## Task objective
As the lines appear below, please set them down exactly, starting at the first and finishing with the one containing "Lequel de ces".

## Task data

------------------------------

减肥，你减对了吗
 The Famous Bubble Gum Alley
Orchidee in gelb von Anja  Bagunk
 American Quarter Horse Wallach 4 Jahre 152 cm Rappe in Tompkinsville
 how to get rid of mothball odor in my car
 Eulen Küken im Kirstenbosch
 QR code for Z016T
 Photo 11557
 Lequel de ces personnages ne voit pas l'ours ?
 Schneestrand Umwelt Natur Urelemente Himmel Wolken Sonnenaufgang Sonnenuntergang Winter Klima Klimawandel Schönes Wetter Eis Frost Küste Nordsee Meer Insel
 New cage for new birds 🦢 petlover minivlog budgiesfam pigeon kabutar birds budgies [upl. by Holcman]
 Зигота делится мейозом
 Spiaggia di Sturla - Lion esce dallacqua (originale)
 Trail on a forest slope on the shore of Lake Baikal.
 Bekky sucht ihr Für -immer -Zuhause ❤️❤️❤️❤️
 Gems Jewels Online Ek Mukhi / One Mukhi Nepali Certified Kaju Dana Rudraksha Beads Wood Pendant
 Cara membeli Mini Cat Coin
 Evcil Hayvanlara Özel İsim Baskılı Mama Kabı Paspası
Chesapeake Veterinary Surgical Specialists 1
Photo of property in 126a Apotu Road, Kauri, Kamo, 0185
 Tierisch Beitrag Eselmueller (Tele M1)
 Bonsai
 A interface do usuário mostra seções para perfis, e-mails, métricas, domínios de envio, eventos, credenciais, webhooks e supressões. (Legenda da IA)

------------------------------

## Task response
减肥，你减对了吗
 The Famous Bubble Gum Alley
Orchidee in gelb von Anja  Bagunk
 American Quarter Horse Wallach 4 Jahre 152 cm Rappe in Tompkinsville
 how to get rid of mothball odor in my car
 Eulen Küken im Kirstenbosch
 QR code for Z016T
 Photo 11557
 Lequel de ces personnages ne voit pas l'ours ?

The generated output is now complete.